The singlestore-haystack library uses the SingleStore Python client to interact with the SingleStore database. Refer to the singlestore-haystack GitHub repository for its source code and related information.

Install singlestore-haystack

The singlestore-haystack library can be installed using the standard Python package installation process:

pip install singlestore-haystack

Data Storage Model

SingleStoreDocumentStore stores documents as rows in a SingleStore table. Vector embeddings are stored in a VECTOR type column in the table.

SingleStoreDocumentStore automatically creates the required vector and full-text indexes if they do not already exist. When using SingleStoreEmbeddingRetriever, documents must be embedded before they are written to the database. Use a Haystack embedder to generate these embeddings. For example, use the SentenceTransformersDocumentEmbedder in an indexing pipeline to generate document embeddings before storing them in SingleStore.

The following is a visual representation:

In this infographic:

  • Haystack table is a SingleStore table used by SingleStoreDocumentStore to persist Haystack Document objects as rows.

  • embedding is a property of the document, which is stored as a vector of type VECTOR(n, F32).

  • content is a property of the document.

  • vector indexes are SingleStore vector indexes created on the embedding column to enable efficient search for dense retrieval.

  • fulltext index is a SingleStore full-text index created on the content column to support BM25-based sparse retrieval.

  • write_documents represents the insert operation where SingleStoreDocumentStore stores documents in the table.

  • retrieve_documents represents the retrieval operations run by retrievers, such as SingleStoreEmbeddingRetriever (for vector search) and SingleStoreBM25Retriever (for full-text search).

For example, consider the following code:

from haystack import Document
from haystack_integrations.document_stores.singlestore_haystack import SingleStoreDocumentStore
# Initialize the document store (uses S2_CONN_STR by default)
document_store = SingleStoreDocumentStore(
database_name="haystack_db",
table_name="haystack_documents",
embedding_dimension=384,
)
# Each Document becomes a row in the SingleStore table
documents = [
Document(
content="SingleStore is a distributed SQL database built to power intelligent applications.",
embedding=[0.1] * 384, # VECTOR(384, F32) column
meta={
"num_of_years": 3, # stored as JSON/metadata column
},
)
]
# Insert documents into SingleStore
document_store.write_documents(documents)

Supported Components

This library implements the DocumentStore protocol methods; import the SingleStoreDocumentStore implementation as follows:

from haystack_integrations.document_stores.singlestore_haystack import SingleStoreDocumentStore

In addition to SingleStoreDocumentStore, the singlestore-haystack library includes the following Haystack Retriever components that can be used in a pipeline:

  • SingleStoreEmbeddingRetriever: Queries SingleStore vector index and finds semantically related documents. This component uses SingleStoreDocumentStore to perform vector similarity search over stored vector embeddings.

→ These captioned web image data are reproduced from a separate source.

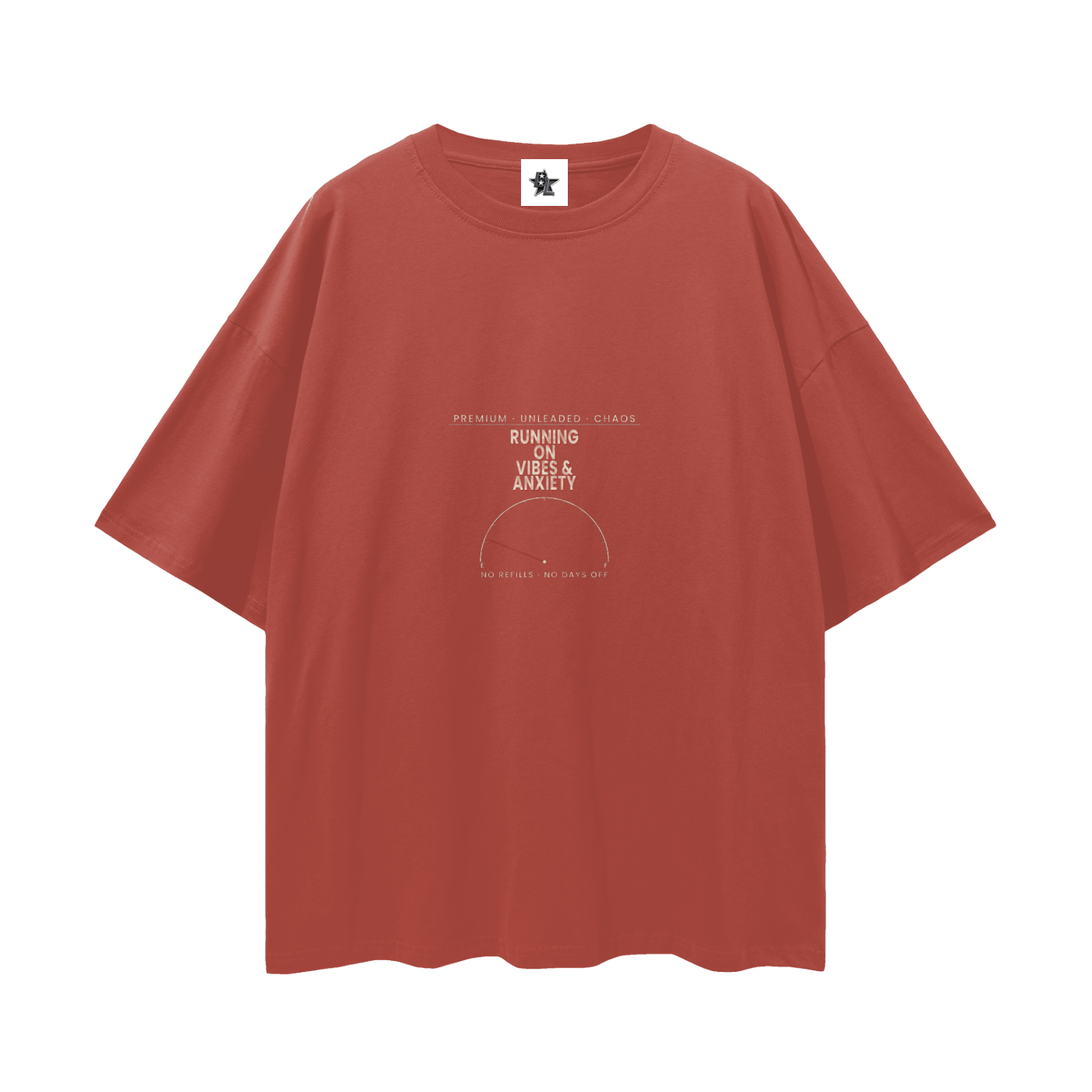 Running On Vibes And Anxiety Oversized T-Shirt | Funny Vintage Graphic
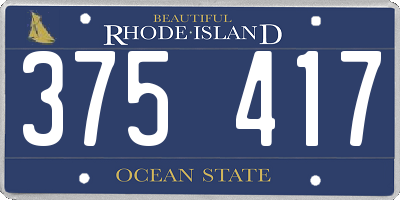 RI license plate 375417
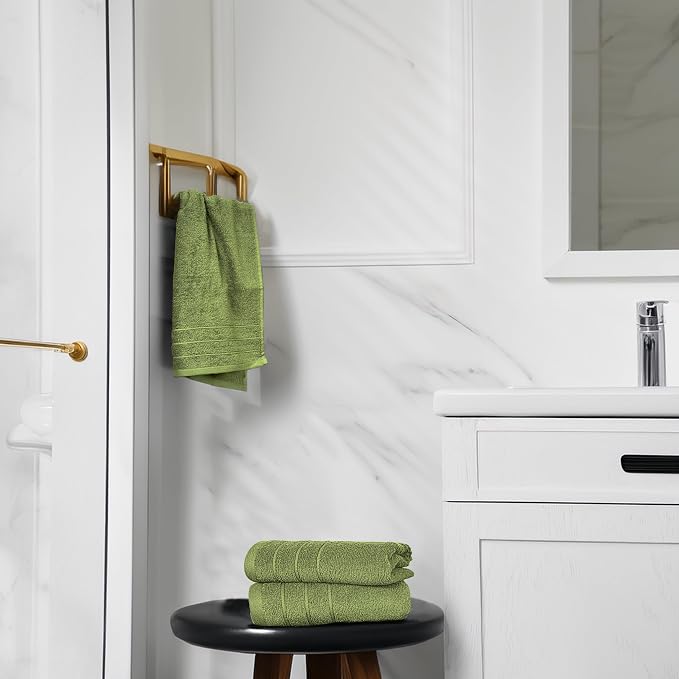 6 Piece Hand Towels Set 16 x 28 Inches, Green | 100% Cotton, Lighter Weight, Quick to Dry, 16 x 28 Inches, Super Soft & Absorbent, Perfect for Bathroom & Kitchen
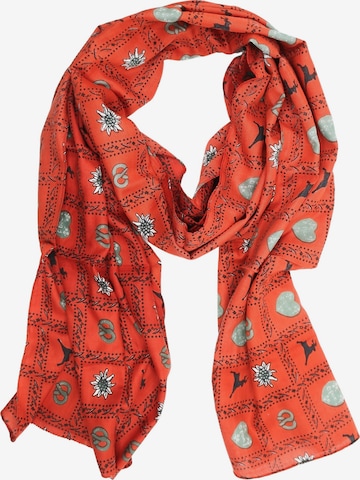 Allgäu Rebell Schal 'Trachteneleganz' in Rot: Vorderseite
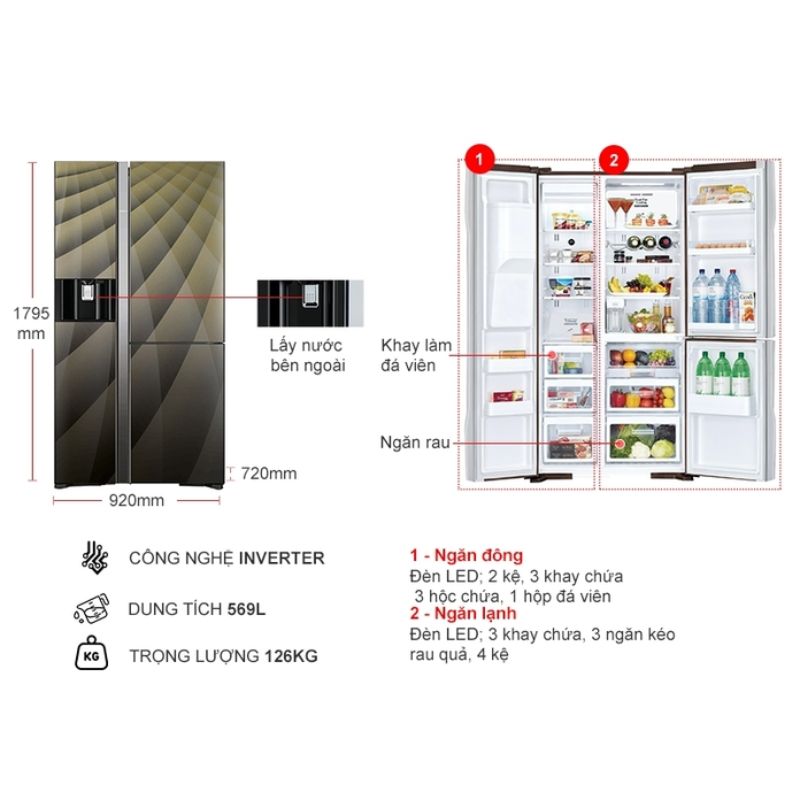 Tủ Lạnh 3 cánh side by side Inverter 569 Lít Hitachi R-FM800XAGGV9X DIA 6 Kích thước tủ Lạnh 3 cánh side by side Inverter 569 Lít Hitachi R-FM800XAGGV9X DIA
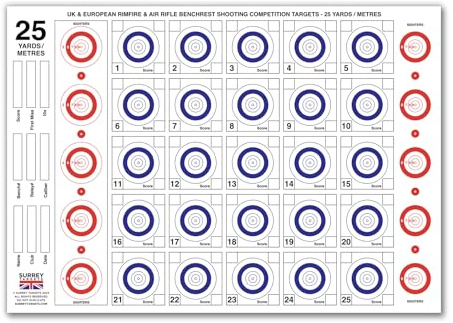 Benchrest Competition and Practice Targets 25yd/m A3 Size Air Rifle Pistol Gun BB Airsoft Shooting Targets 20 Pack, Quality Double Sided 300gsm Card - Shipped Flat - UK Made and Dispatched
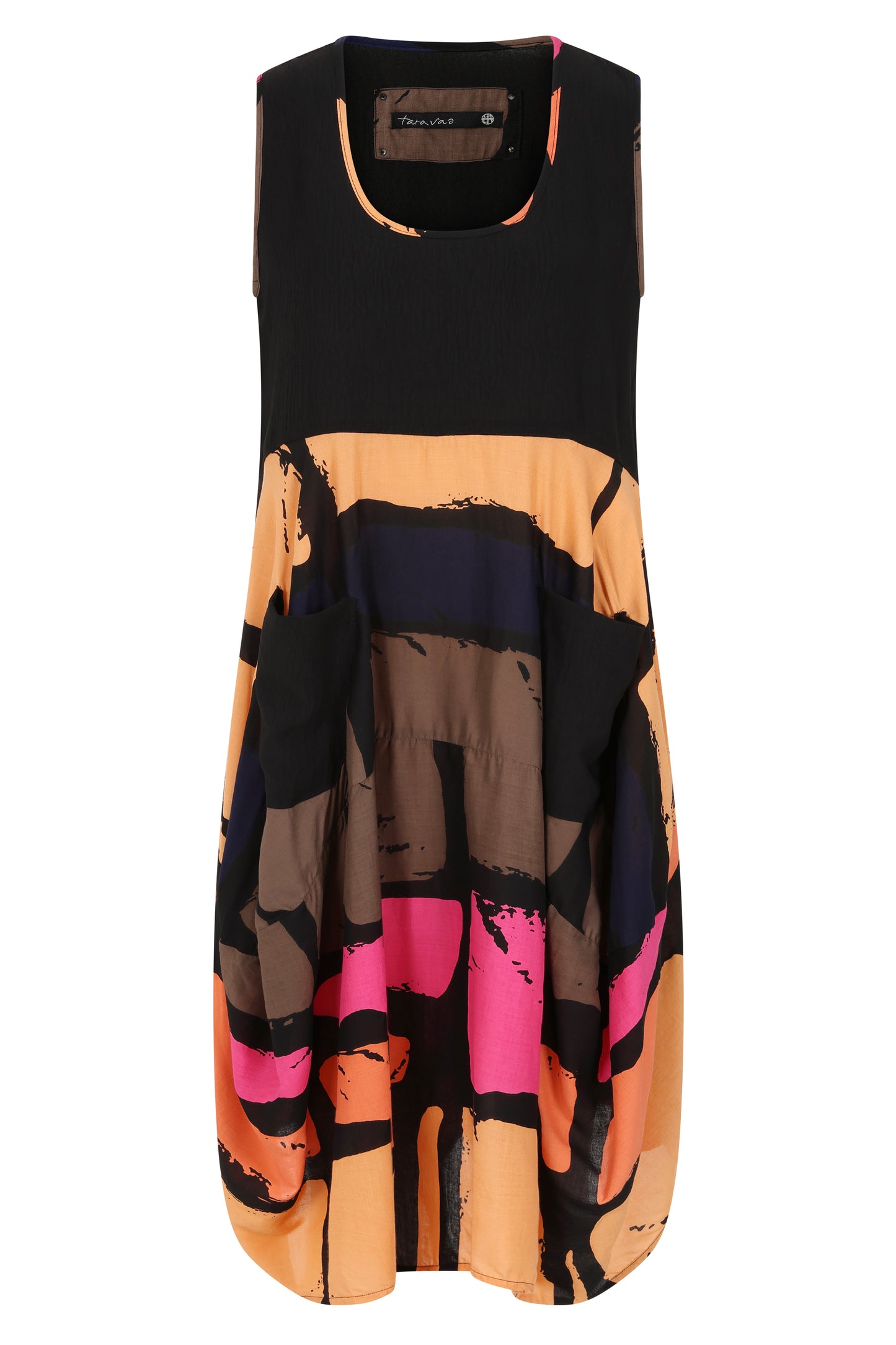 Black/Abstract Print Sleeveless Dress | Tara Vao Manna 8151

    from haystack_integrations.components.retrievers.singlestore_haystack import SingleStoreEmbeddingRetriever
  • SingleStoreBM25Retriever: Performs sparse retrieval using the BM25 ranking algorithm. It leverages SingleStore full-text search (FTS) capabilities to retrieve documents based on keyword relevance instead of vector similarity (embeddings). This component uses SingleStoreDocumentStore to execute BM25 queries. SingleStore recommends using this component for keyword-based and hybrid search scenarios.

    from haystack_integrations.components.retrievers.singlestore_haystack import SingleStoreBM25Retriever

    You can specify either of the following scoring functions:

    • BM25

    • BM25_GLOBAL

    Refer to BM25 for more information. For example:

    retriever = SingleStoreBM25Retriever(document_store=document_store)
    results = retriever.run(
    query="database",
    top_k=2,
    bm25_function="BM25",
    )["documents"]

Use SingleStore as a Document Store

Prerequisites

Ensure the following are met before running examples in this section:

  • An active SingleStore workspace.

  • Install the singlestore_haystack package.

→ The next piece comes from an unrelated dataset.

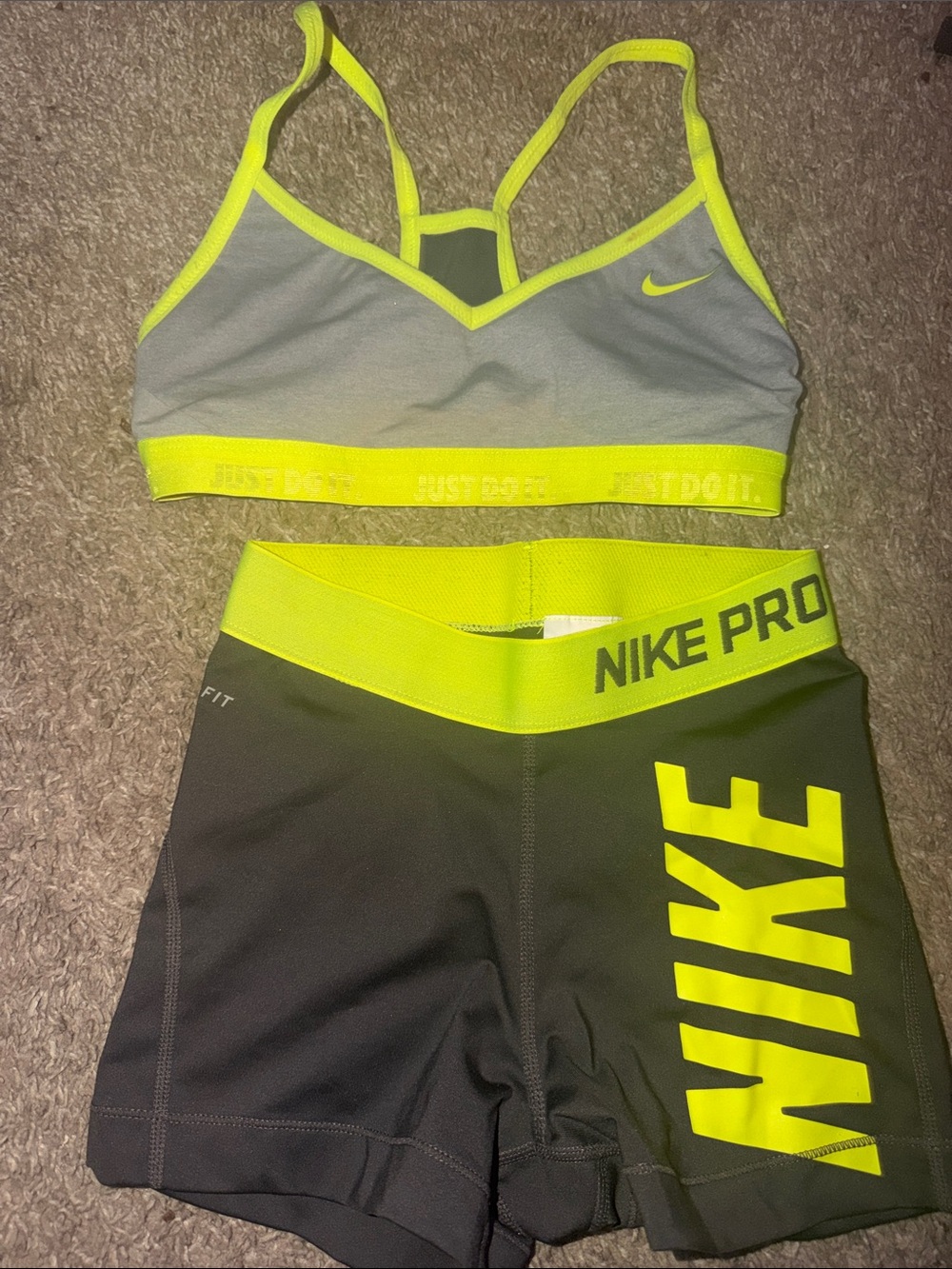 Nike Set Active Shorts with matching Neon Yellow Sports Bra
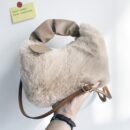 Women's Plush Faux Fur Crossbody Bag with Adjustable Strap & Zipper Closure - Sparkling Accents, Anti-Theft Design, Multiple Colors (Khaki/Light Gray/Beige/Pink) for Commuting & Casual Outings, Crossbody Purse, Winter Fashion Accessory, Soft Texture Purse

  • (Optional) Install the sentence-transformers Python library. It provides pre-trained models used in this example to generate vector embeddings.

    pip install sentence-transformers

Configure the Connection to SingleStore

To keep the credentials out of the source code, assign the connection string to the S2_CONN_STR environment variable in the following format:

export S2_CONN_STR="singlestoredb://<username>:<password>@<hostname>:<port>/[<database>]"

where,

  • hostname: IP address or hostname of the SingleStore workspace.

  • port: Port of the SingleStore workspace. The default is 3306.

  • username: Username of the SingleStore database user.

  • password: Password for the SingleStore database user.

  • database: (Optional) Name of the SingleStore database to connect with.

Alternatively, specify the connection configuration while instantiating the class:

document_store = SingleStoreDocumentStore(
host="<hostname>",
port=<port>,
username="<username>",
password="<password>",
database_name="<database>",
table_name="<table>" # Name of SingleStore the table used to store Documents
)

Configure Indexes

SingleStoreDocumentStore supports creating and customizing indexes on the SingleStore table. Refer to Working with Vector Data for more information. Based on the retrieval strategy, enable or disable specific index types and configure the index accordingly. For example:

from haystack_integrations.document_stores.singlestore_haystack import SingleStoreDocumentStore
document_store = SingleStoreDocumentStore(
database_name="haystack_db",
table_name="haystack_documents",
embedding_dimension=768,
# Enable FULLTEXT index for keyword/BM25 search
use_fulltext_index=True,
fulltext_index_options={
"analyzer": "standard",
},
# Enable vector index optimized for dot product similarity
use_dot_product_vector_index=True,
dot_product_vector_index_options={
"nlist": 128,
},
# Optionally disable Euclidean-distance index if not needed
use_euclidian_distance_vector_index=False,
)

Specify the following options as applicable when instantiating a SingleStoreDocumentStore object:

Dot Product Optimized Vector Index

Option

Description

use_dot_product_vector_index

Creates a vector index using dot product similarity.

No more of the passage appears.